**EXERCISE GOAL:**
Lines before the one containing "Hepsi-Markt Al Hadaba Ayran Angebot" are not wanted; restate the rest below word for word, through the last line, but drop any pictures.

**THE INPUT:**
···
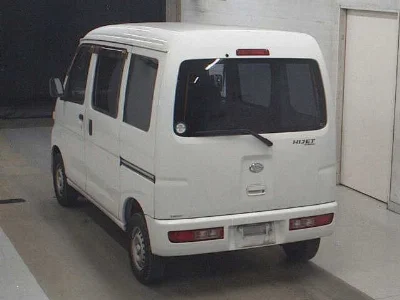DAIHATSU HIJET VAN 2012 с аукциона, 660cc, пробег 97 000 км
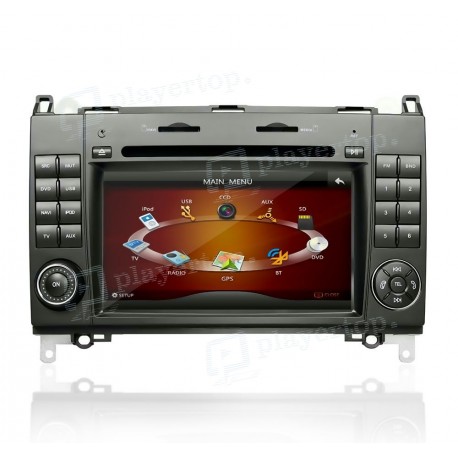 Navigation Mercedes Benz Viano (2006-2012)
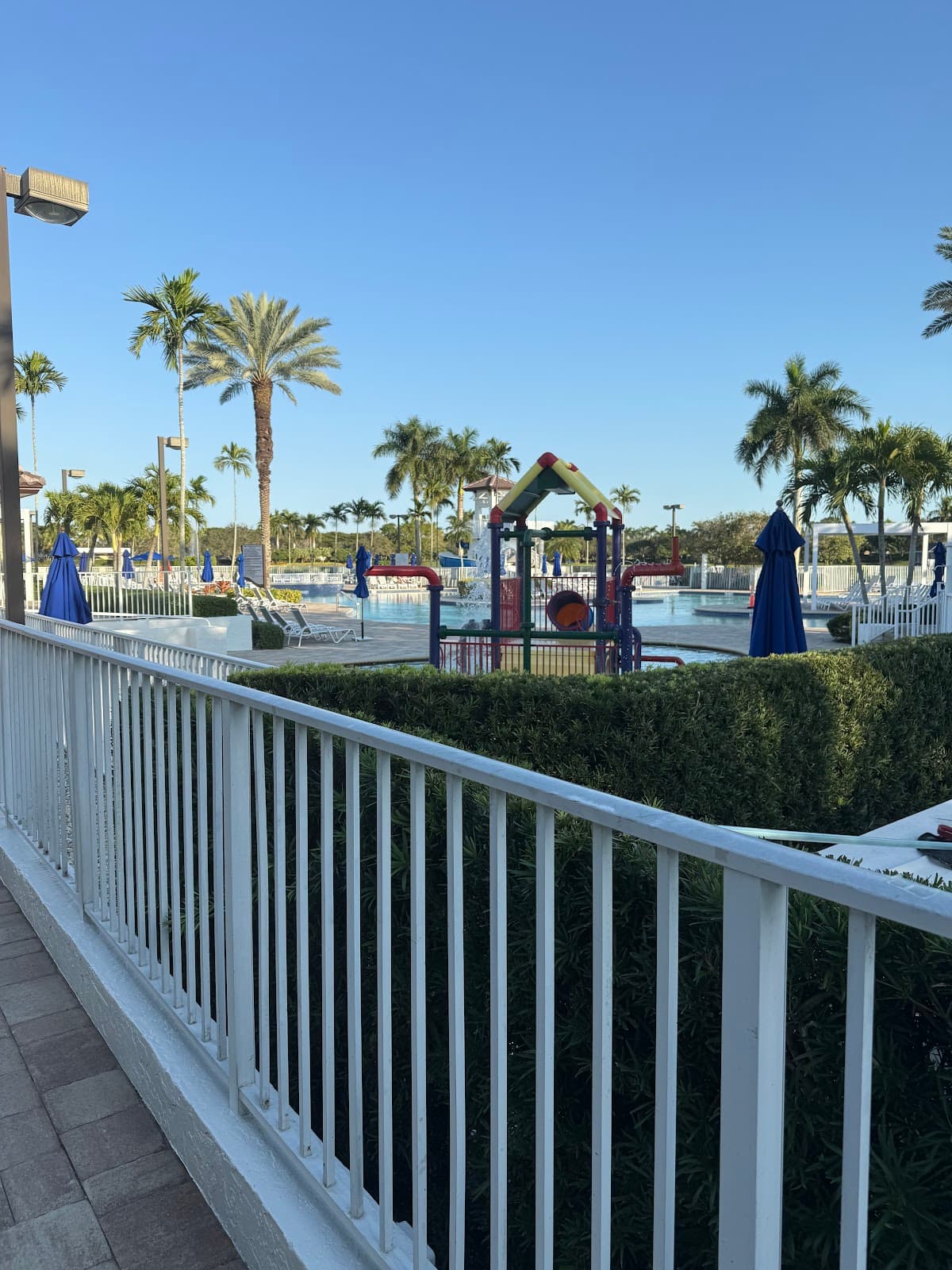 Savanna Commons pickleball courts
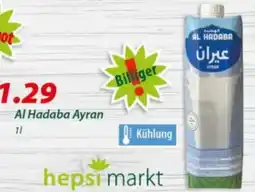 Hepsi-Markt Al Hadaba Ayran Angebot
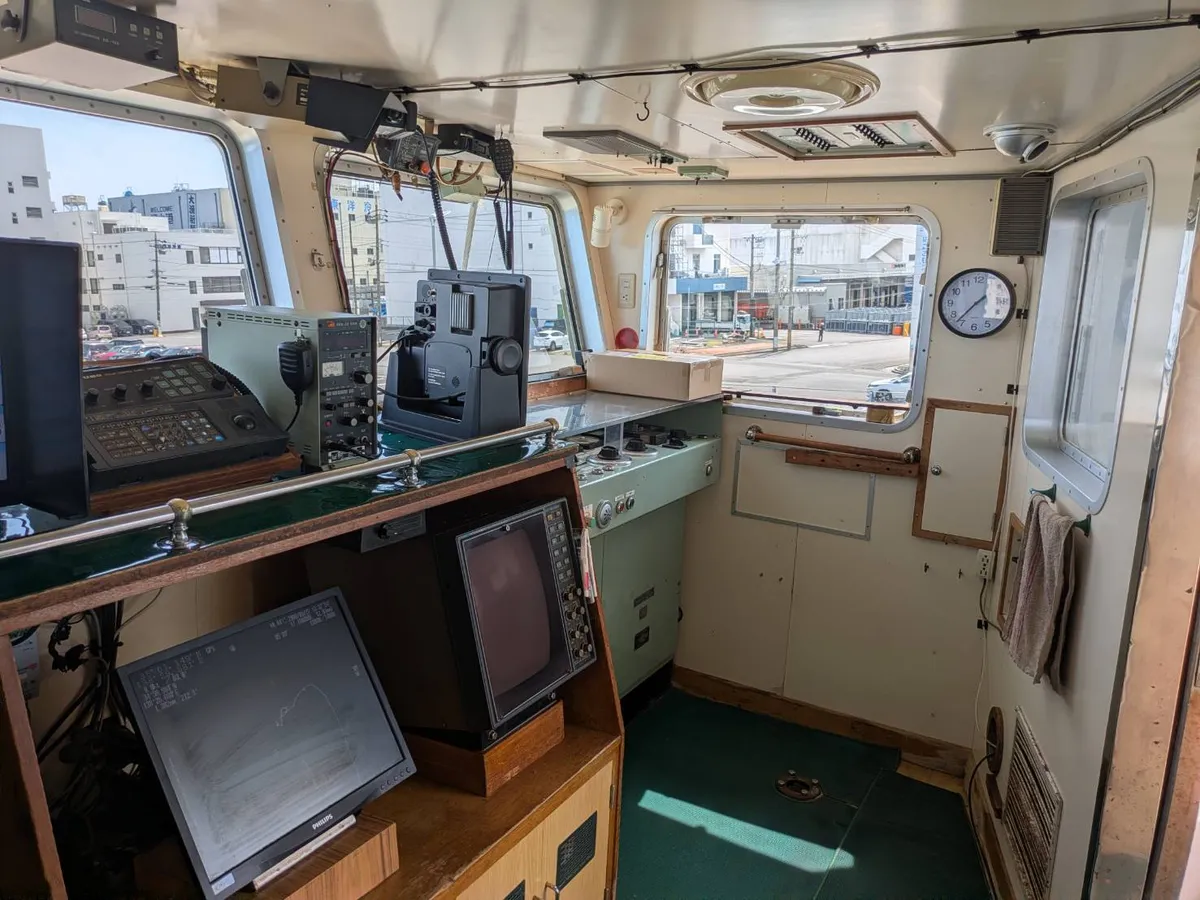 Kapal pancing longliner keur dijual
···
**YOUR RESPONSE:**
 Hepsi-Markt Al Hadaba Ayran Angebot
 Kapal pancing longliner keur dijual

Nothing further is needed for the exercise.